Abstract

Extensive rural land expropriation has been a source of social deprivation and contention in contemporary China. This article provides a comprehensive state-of-art analysis of the Chinese law of rural land expropriation and demonstrates the multiple problems it faces now. It first reveals the definitional, structural and procedural challenges embedded within the existing legal framework to the constitutional public interest prerequisite enshrined in Article 10 of the 1982 PRC Constitution. It shows that not only is the prerequisite itself legislatively and judicially under-defined, it is also in effect made structurally redundant by the relevant constitutional and statutory prescriptions.
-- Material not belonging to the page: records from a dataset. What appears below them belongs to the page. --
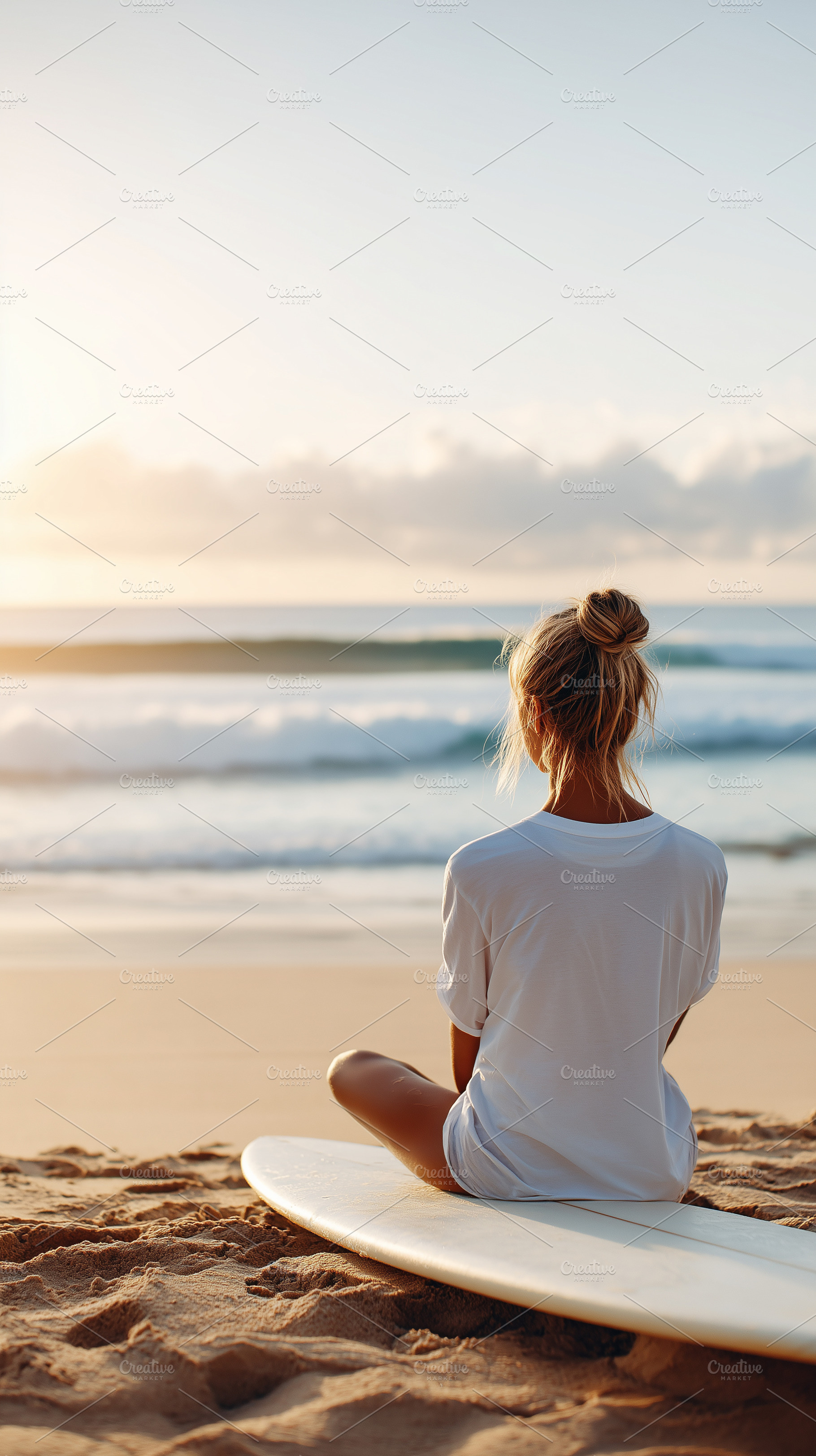 Rear view on a woman sits on beach, a Person Photo by MistyDay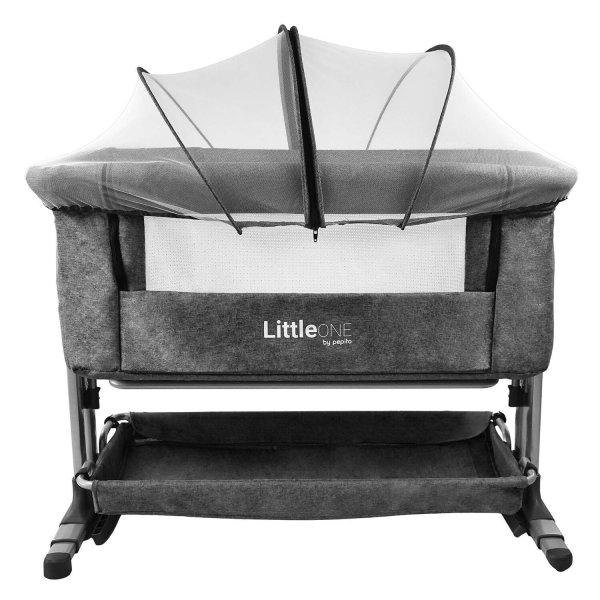 LittleONE szülői ágyhoz csatlakoztatható Kiságy matraccal és dönthető
funkcióval + szúnyogháló #szürke
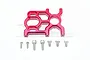 A red anodized aluminium motor mount for ARRMA RC vehicles, accompanied by seven various metal screws, set against a white background.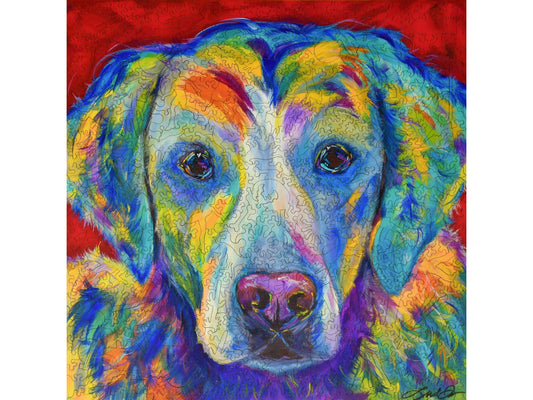 The front of the puzzle, Cooper, which shows a colorful painting of a dog.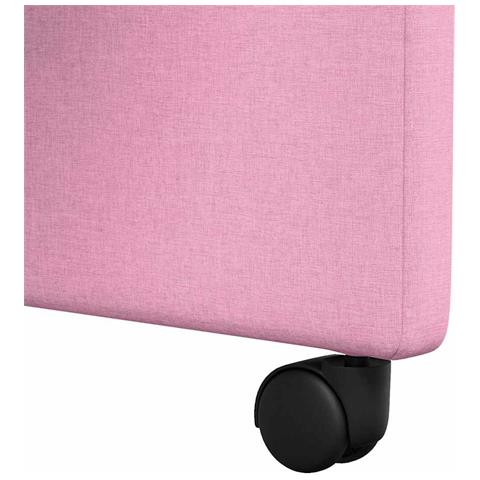 Sedie da Pranzo con Ruote 2 pcs Rosa 57 x 66 x 94 cm Tessuto - Foto 9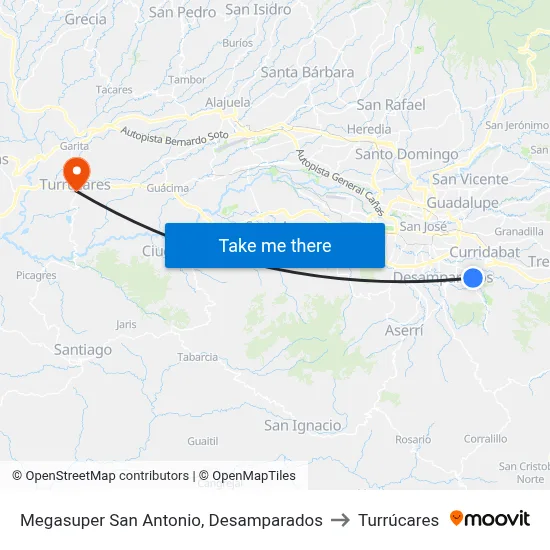 Megasuper San Antonio, Desamparados to Turrúcares map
The second part moves on to explain the current legal standard of compensation for rural land expropriation and the critique against its unfairness, both substantively and procedurally. It shows that the existing statutory standard of compensation is unfair not because it falls under the “true” value of the peasants’ use-rights over rural land but because it denies them any share in the increased land value as a result of expropriation. The peasants have no institutionalized channel to challenge the standards either. The third part turns to a series of proposals made in the existing literature on reforming the Chinese rural land expropriation law, all of which intend to boost the capacity of the law to check the state’s takings power and protecting land rights. The concluding part briefly discusses the socio-political reasons why these reform proposals have yet to roll out in China, despite the lengthy groundswell of support for an overhaul of the law in this field, and why a broader reform is needed.